A Real Pain in the Neck: Cervical Facet Joint Referral Patterns

Zygapophysial joint (z-joint) better known as a facet joints have been know to cause as high as 55% of chronic neck pain (Manchikanti et al). Facet joint pain has documented pain referral patterns that can help determine generating structures of perceived pain. Pain mapping of the cervical facet joints have been performed in numerous studies using intra-articular injections of contrast dye, electrical medial branch stimulation, or facet joint block injections.

A study in 2007 performed by Cooper, Bailey, and Bogduk looked at cervical zygapophysial joint pain patterns and the prevalence of pain at particular segments. They used 194 patients seen between 1999 and 2003 all having neck pain longer than 6 months. Each patient created a map of their pain and then underwent a diagnostic block at the segmental level selected by the physician. If the block were negative (no relief of pain) they would continue blocking segmentally until receiving a positive result (complete relief of pain). They found that facet joint referral patterns are similar to other study outcomes. The referral patterns are as follows…

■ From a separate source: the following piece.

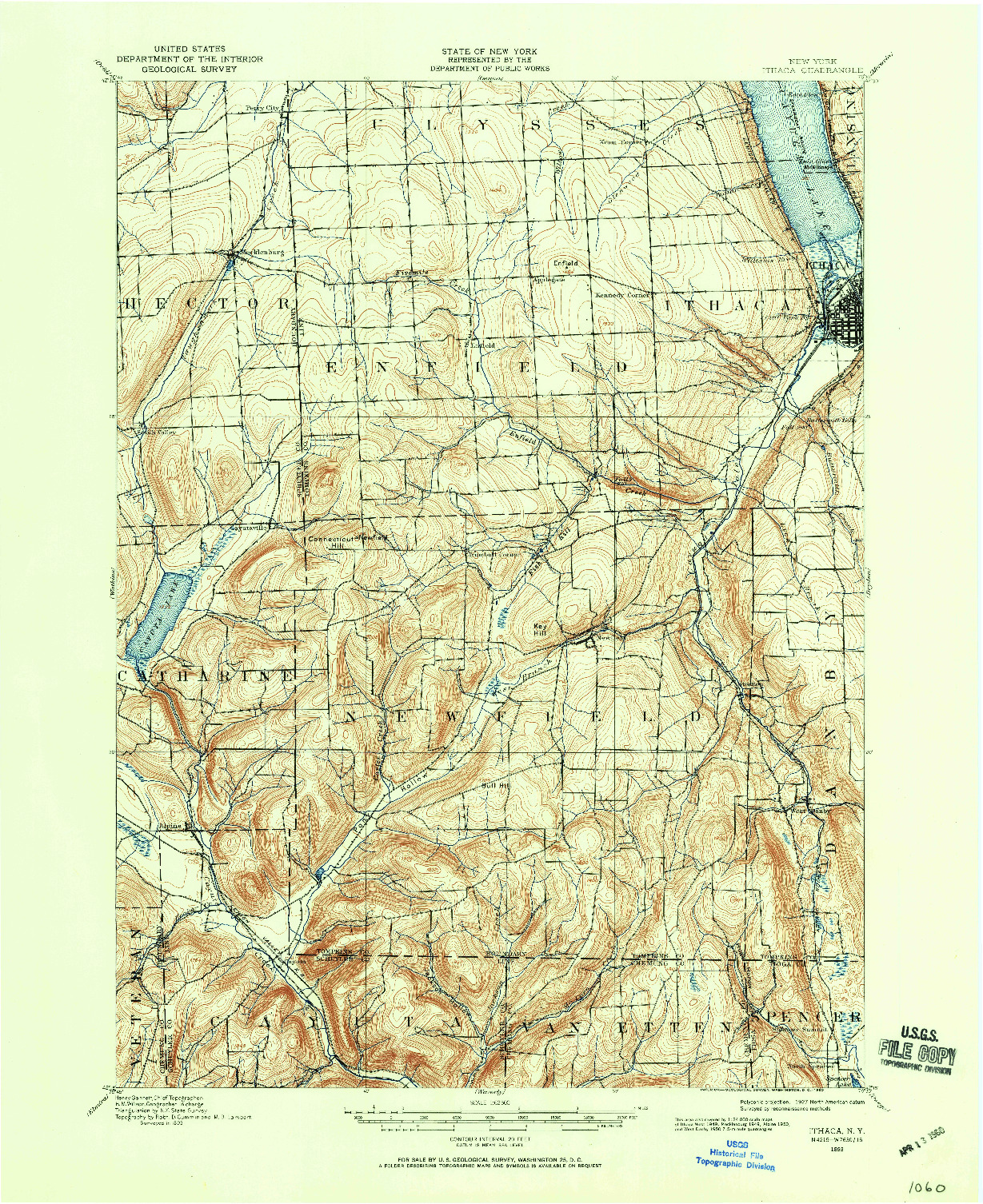 USGS 1:62500-SCALE QUADRANGLE FOR ITHACA, NY 1893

Based on these outcomes they found that the most common site of cervical facet joint pain is C2-3 (36%), C5-6 (35%), and C6-7 (17%). This study found C3-4, C4-5, and C1-2 to be symptomatic in less than 5% of the group. Clinically these images and this study are important because it can break down facet pain into 2 sections, upper and lower.

Upper cervical (C1-2, 2-3, 3-4) facet symptoms are found to be in the occipital and suboccipital regions that can refer to the parietal and temporal regions.

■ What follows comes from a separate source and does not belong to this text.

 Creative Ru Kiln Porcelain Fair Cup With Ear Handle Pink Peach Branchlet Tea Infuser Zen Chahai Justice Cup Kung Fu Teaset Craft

Lower cervical (C4-5, 5-6, 6-7) facet symptoms presented in the neck on the side of pathology below the occiput, scapula, and lateral arm. Pain in the lateral arm and scapula are typically seen in C5-C6 facet dysfunction but more inferior scapular pain without the presence of lateral arm pain is suspected to be C6-C7.

If you compare these facet pain patterns to Cloward areas you may notice that they are similar. You also realize that these are images of single specific levels and many patients come with numerous levels of dysfunction. These images are great for understanding cervical spine pain but your evaluation will help you further rule out sources of pain. Hope you enjoyed!